Stored data:

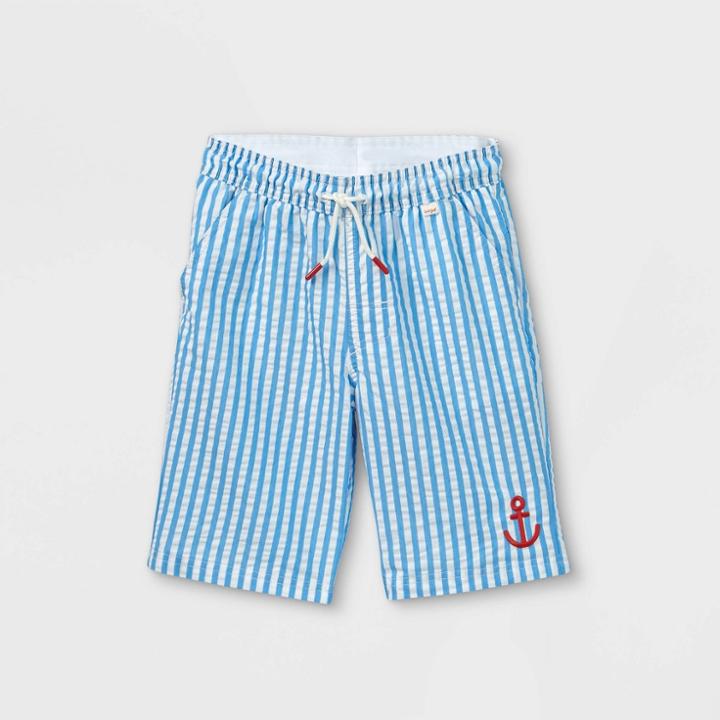 Boys' Seersucker With Anchor Swim Trunks - Cat & Jack White
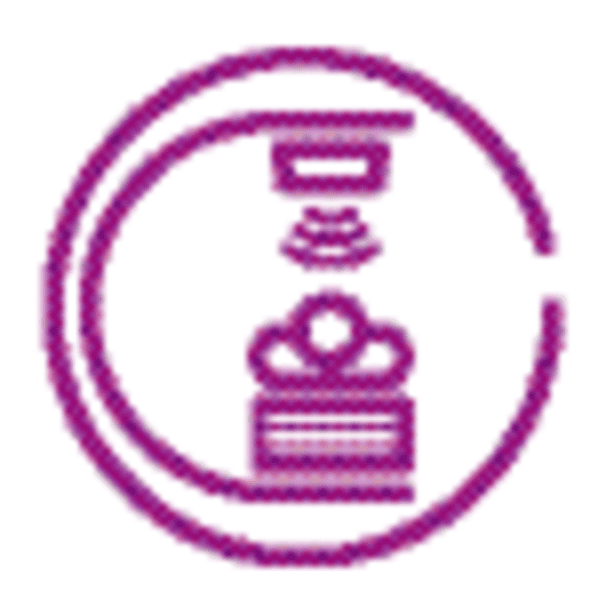 Logotipo roxo de radioterapia referente à escola Portuguesa de Física Médica apFisMed.
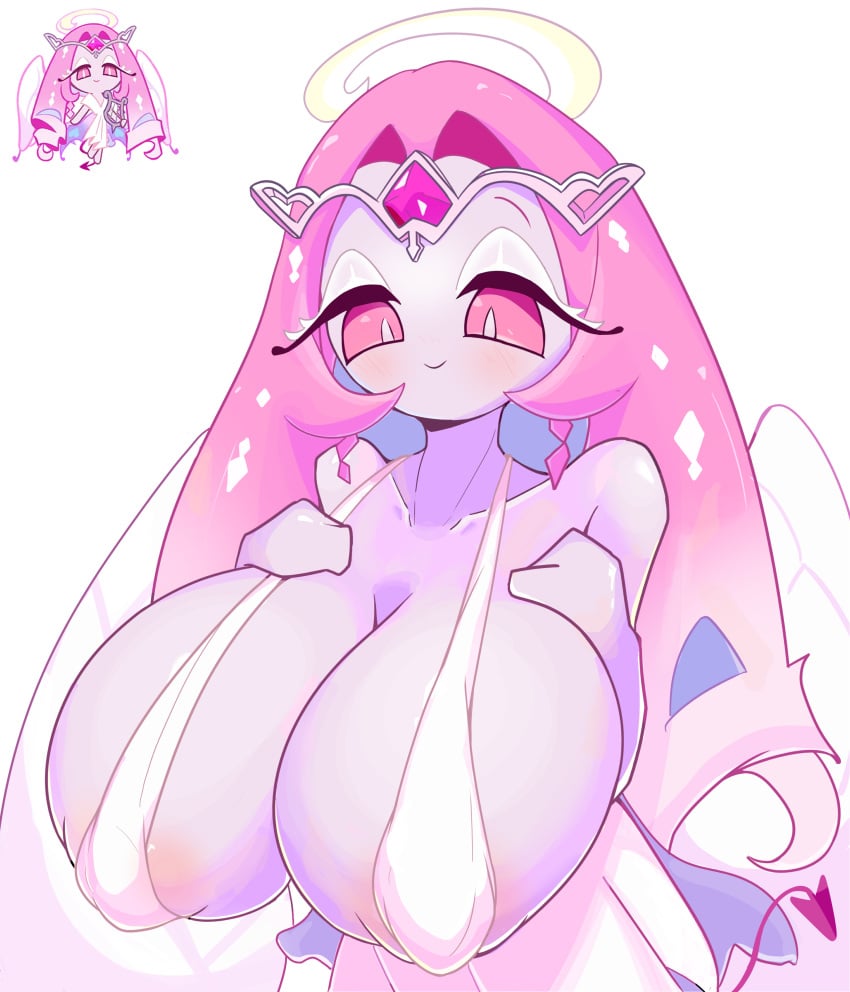 angel_wings big_breasts cookie_run cookie_run_kingdom devil_tail devil_wings eternal_sugar_cookie light-skinned_female long_hair pink_eyes pink_hair tagme 빈(bean)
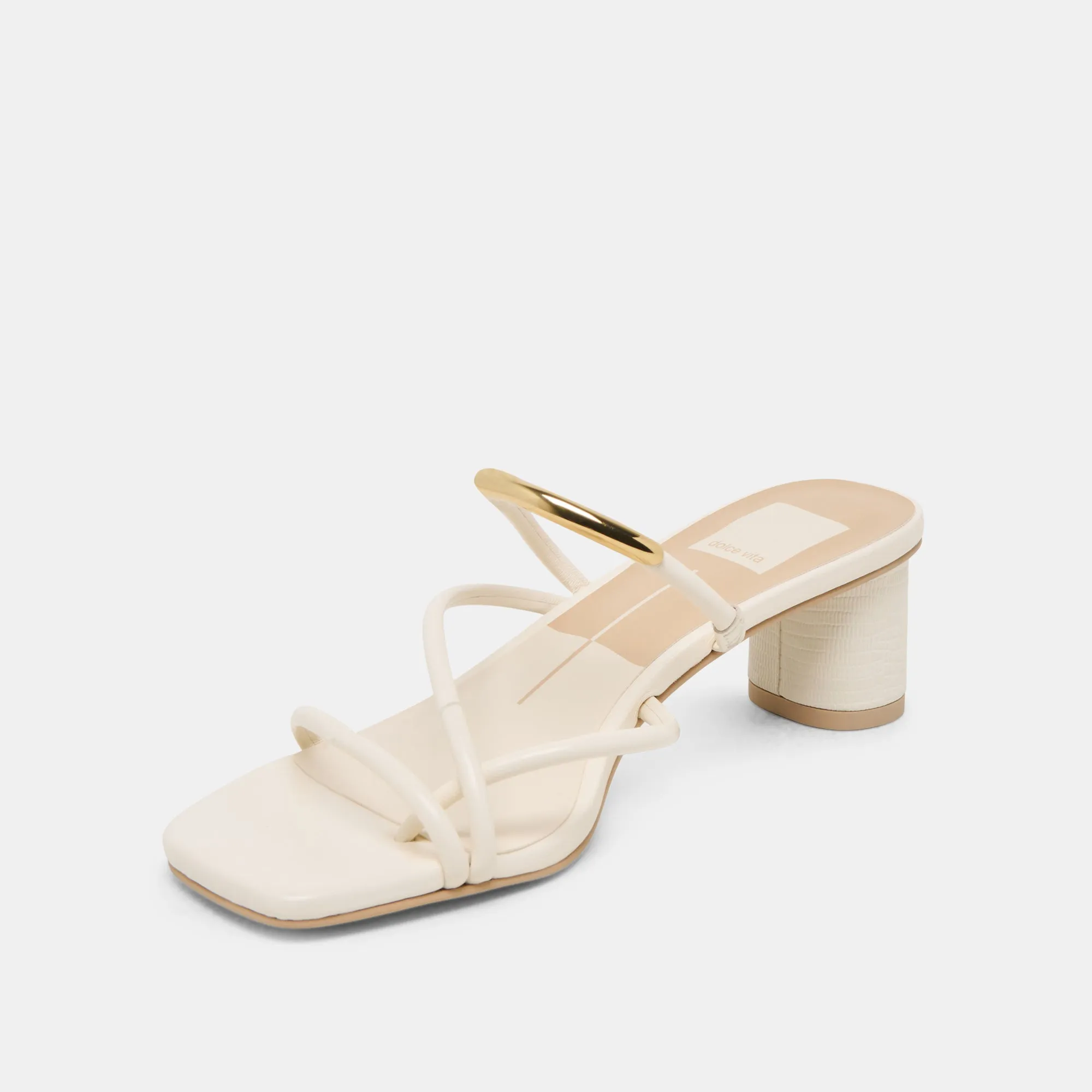 NAIRA HEELS OFF WHITE LEATHER Cute Party Heels Anti blister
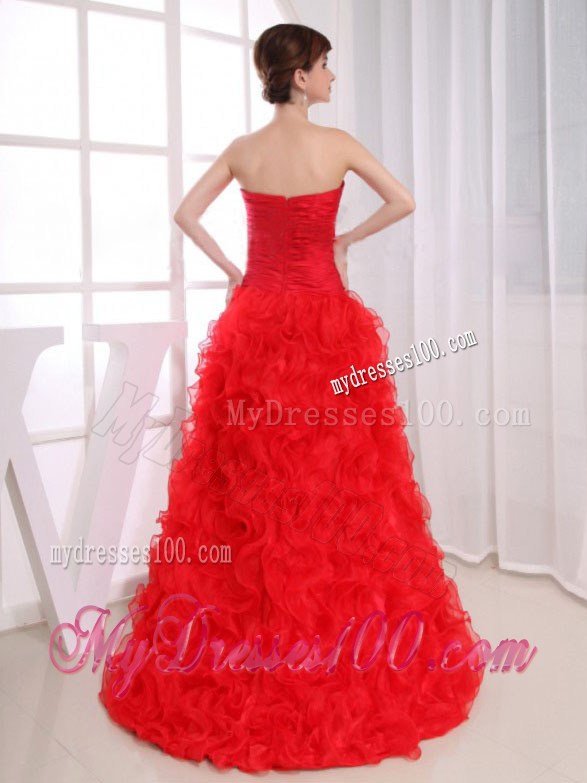 Mermaid Sweetheart High-low Red Prom Dress with Ruffles and Beading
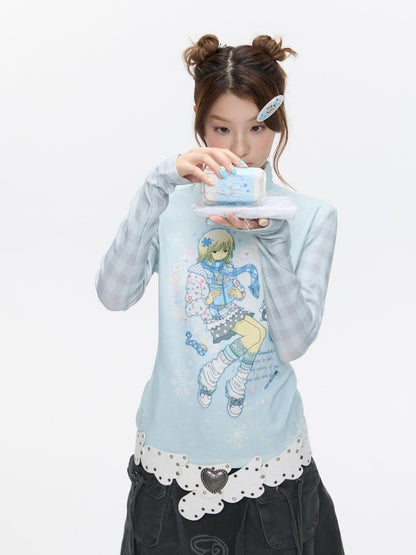 BETWEENAND Allover Print Mock Neck Brushed Women&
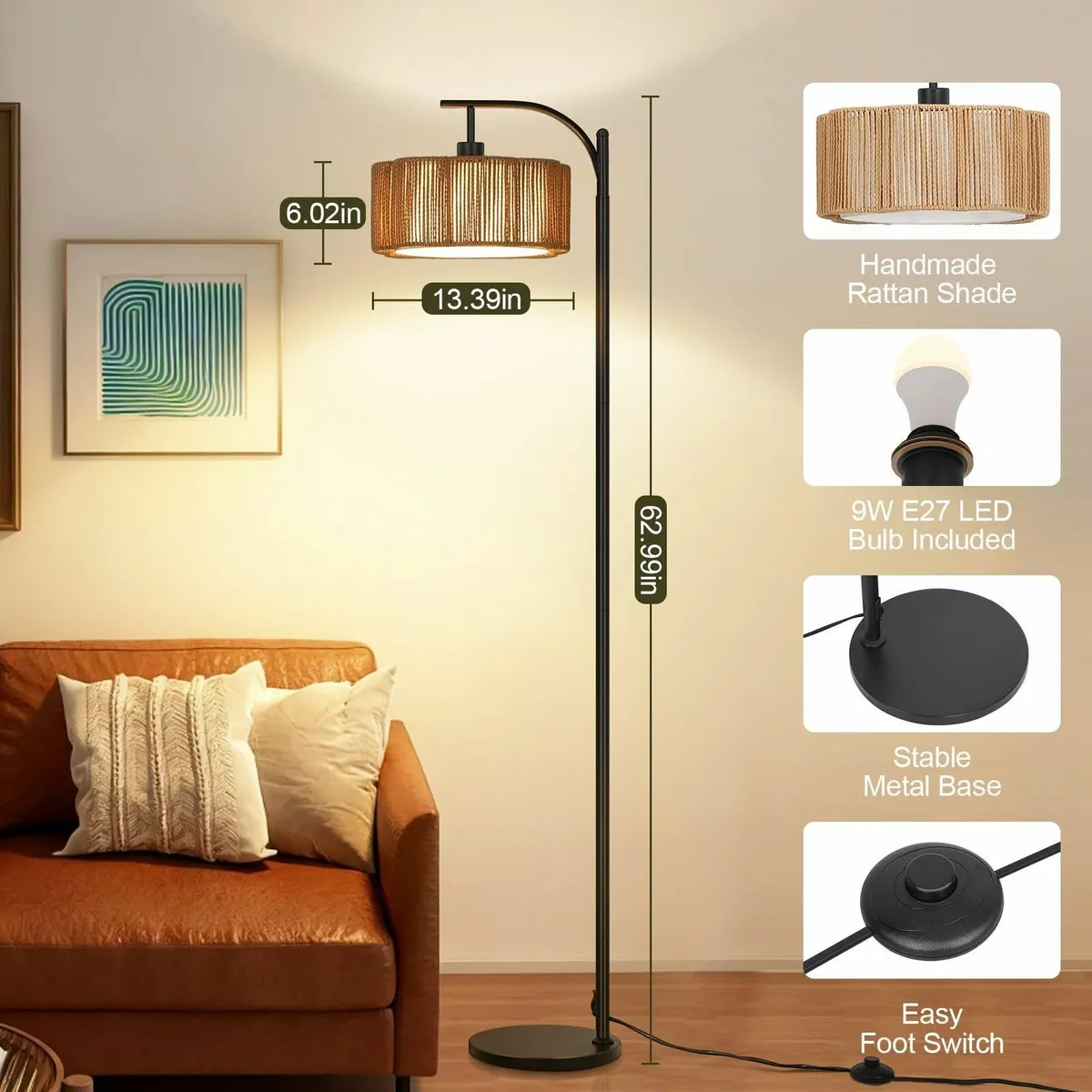 Rattan Boho Floor Lamps for Living Room RGB - Image 4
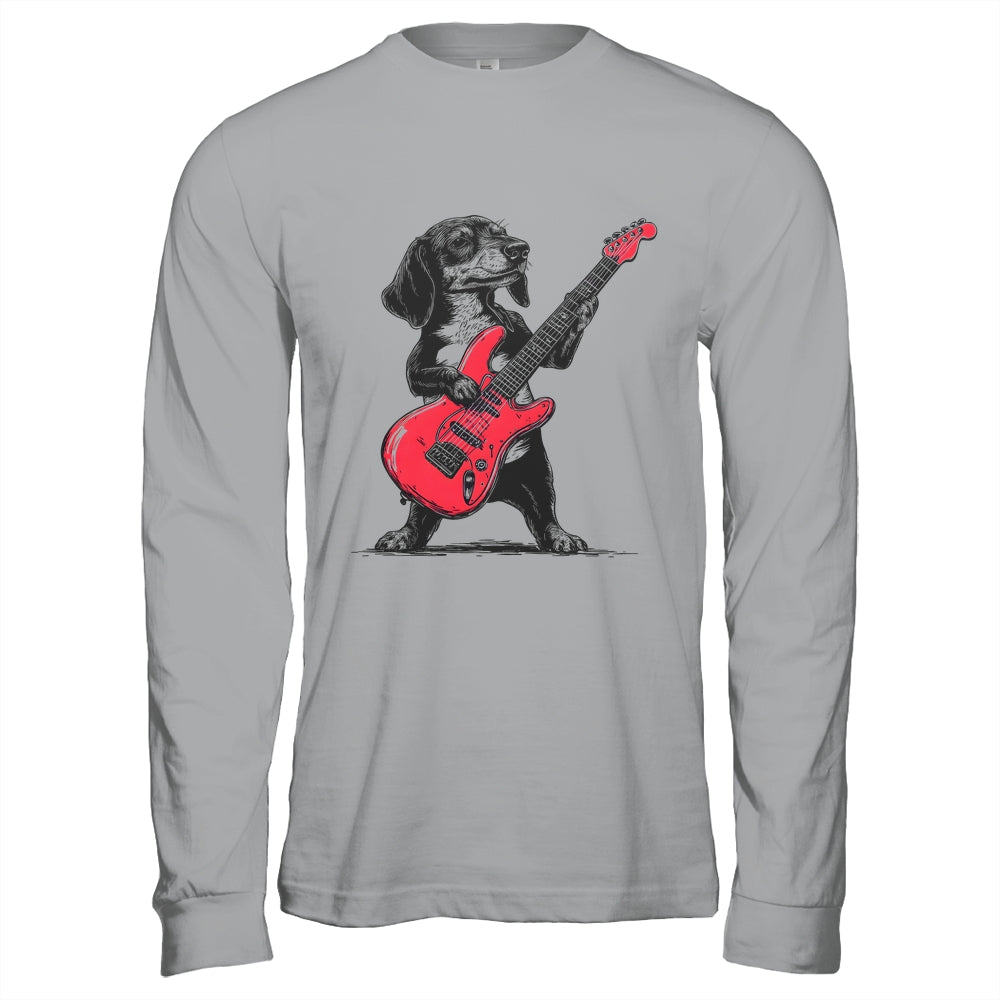 Vintage Dachshund Weenie Playing Guitar Rocking Dog Lover Shirt & Hoodie | siriusteestore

Work instructions: All pictures are to be skipped; the lines from the first line of the records through the line containing "NAIRA HEELS OFF" are to be repeated exactly, both ends included.

Output for this task:
 Boys' Seersucker With Anchor Swim Trunks - Cat & Jack White
 Logotipo roxo de radioterapia referente à escola Portuguesa de Física Médica apFisMed.
 angel_wings big_breasts cookie_run cookie_run_kingdom devil_tail devil_wings eternal_sugar_cookie light-skinned_female long_hair pink_eyes pink_hair tagme 빈(bean)
 NAIRA HEELS OFF WHITE LEATHER Cute Party Heels Anti blister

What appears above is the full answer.